# DATA SHOWN:
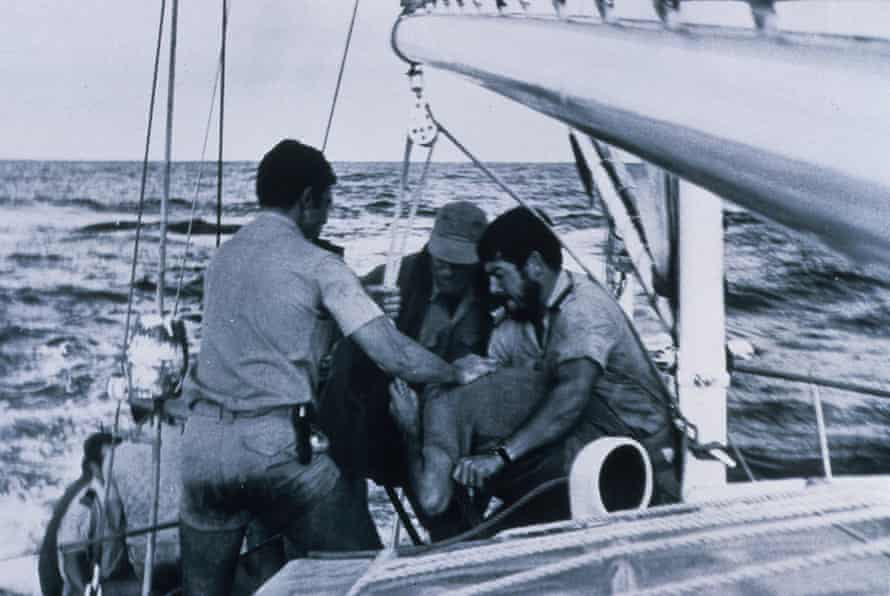 A sequence of images of French police boarding the VEGA and beating up McTaggart. In August 1973, the Vega sails into the zone the French government has declared a prohibited area. On 15 August the yacht is boarded by a French navy commando. Nigel Ingram and David McTaggart are beaten up and injured. Ann-Marie Horne manages to take pictures of the attack and smuggle them off the ship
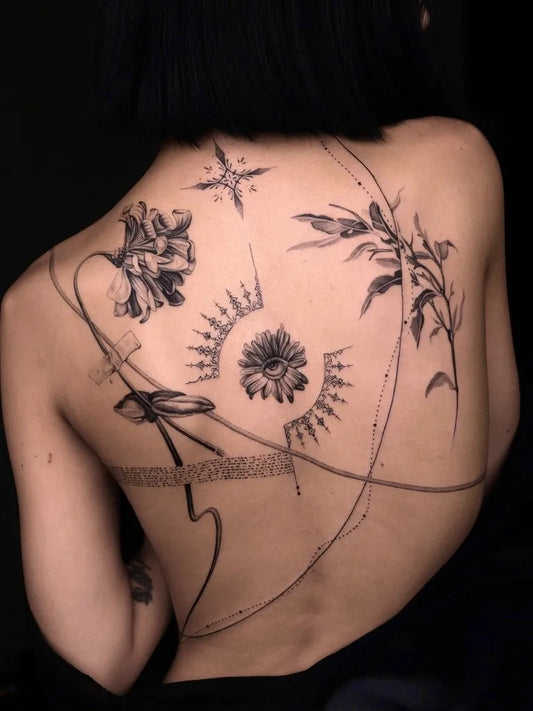 Big Minimalist Floral Lines on Women Back Tattoo by @has.tats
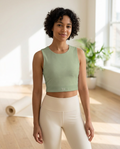 Woman wearing the Breath Lines Sage yoga crop tank in a sunlit yoga studio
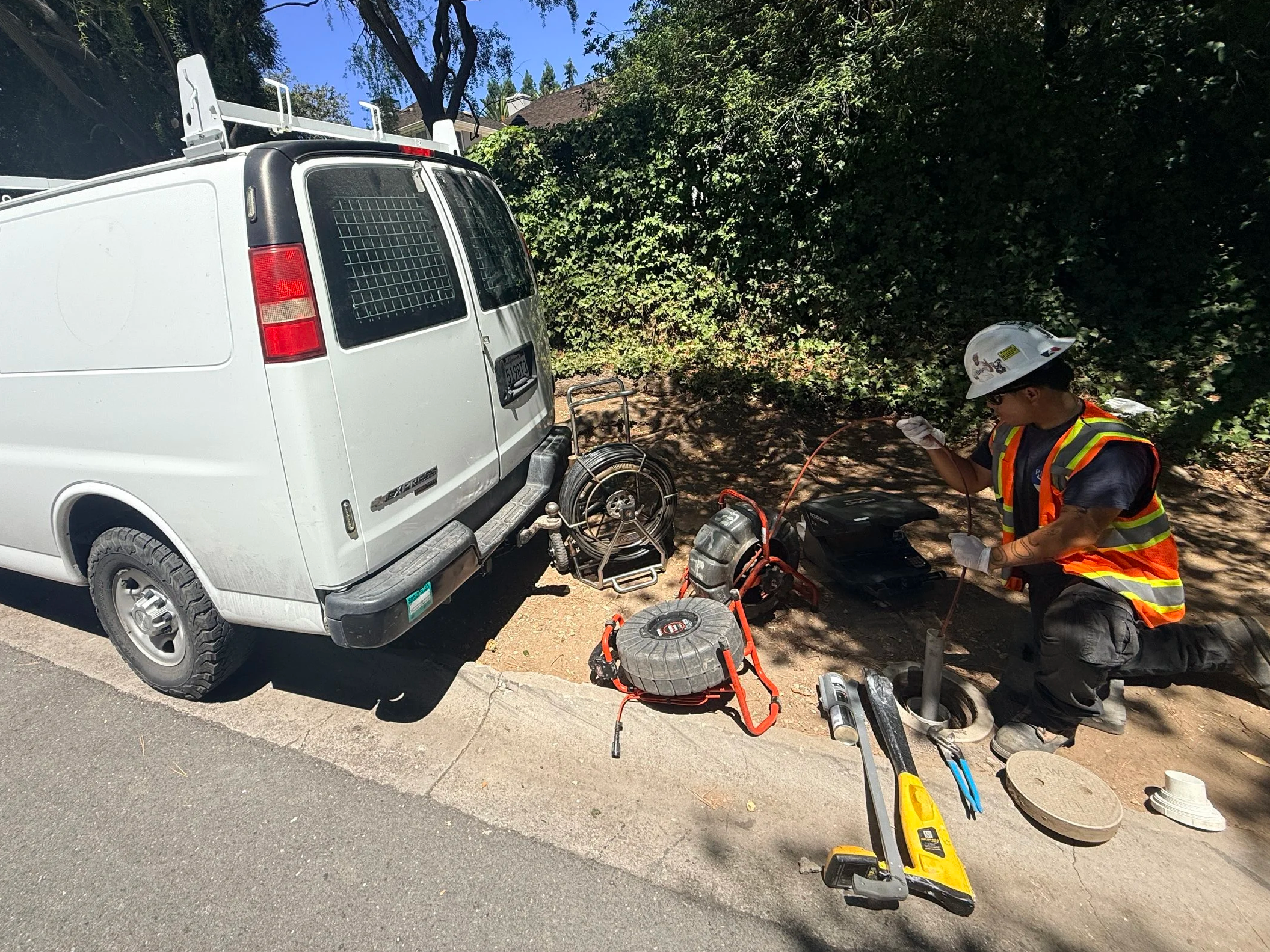 A worker wearing a white safety helmet, sunglasses, and a neon orange safety vest is kneeling on the ground, working on a piece of electrical or machinery equipment. There is a white utility van parked nearby with the rear door open, various tools, a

# YOUR TASK:
Starting at the line that contains "Big Minimalist Floral", restate each line verbatim through the final line of the listing, skipping all pictures.

# RESPONSE:
 Big Minimalist Floral Lines on Women Back Tattoo by @has.tats
 Woman wearing the Breath Lines Sage yoga crop tank in a sunlit yoga studio
 A worker wearing a white safety helmet, sunglasses, and a neon orange safety vest is kneeling on the ground, working on a piece of electrical or machinery equipment. There is a white utility van parked nearby with the rear door open, various tools, a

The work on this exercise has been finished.